C'è chi l'ha adorato, chi odiato, chi umiliato e chi glorificato.
Ma siamo sicuri di conoscerlo veramente? Come si sa la storia è scritta dai vincitori e lui, il più grande dei vincitori, perse la sua battaglia più importante.
Dietro la figura del generale vittorioso e dell'imperatore glorioso si nasconde un solitario, estremamente complesso, incompreso che ha condotto la sua lotta personale contro un mondo che opprime sogni, speranze e ambizioni.
Un uomo che, nonostante le calunnie, le accuse, vere e presunte, affascina tutt'ora per la sua mente brillante, per le straordinarie doti tattiche, strategiche e di pensiero.
Una figura storica la cui esistenza è stata un breve passaggio per la creazione di un'era completamente nuova in cui nulla sarebbe stato più lo stesso.

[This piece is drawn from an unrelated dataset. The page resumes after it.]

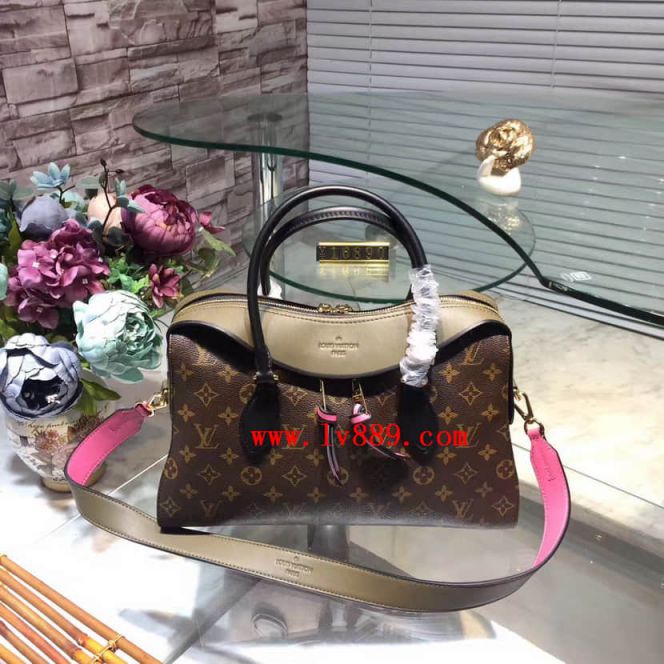 Replica LV Tote Bags Tuileries Monogram M41455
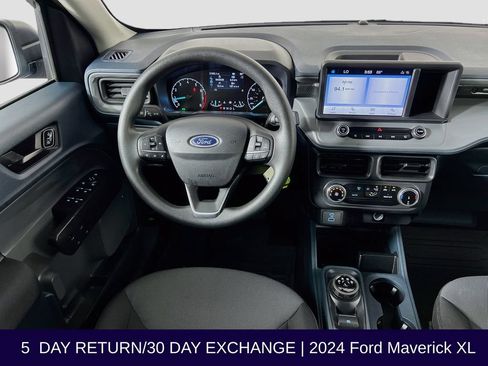 Used 2024 Ford Maverick XL w/ Equipment Group 100A Standard AWD/4WD image 27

"Sono nato quando il paese stava morendo, trentamila francesi vomitati sulle nostre coste, ad affogare i troni della libertà in mari di sangue, tale fu l'odioso spettacolo che colse per primo il mio occhio. Le grida dei morenti, i brontolii degli oppressi, le lacrime di disperazione circondarono la mia culla sin dalla nascita".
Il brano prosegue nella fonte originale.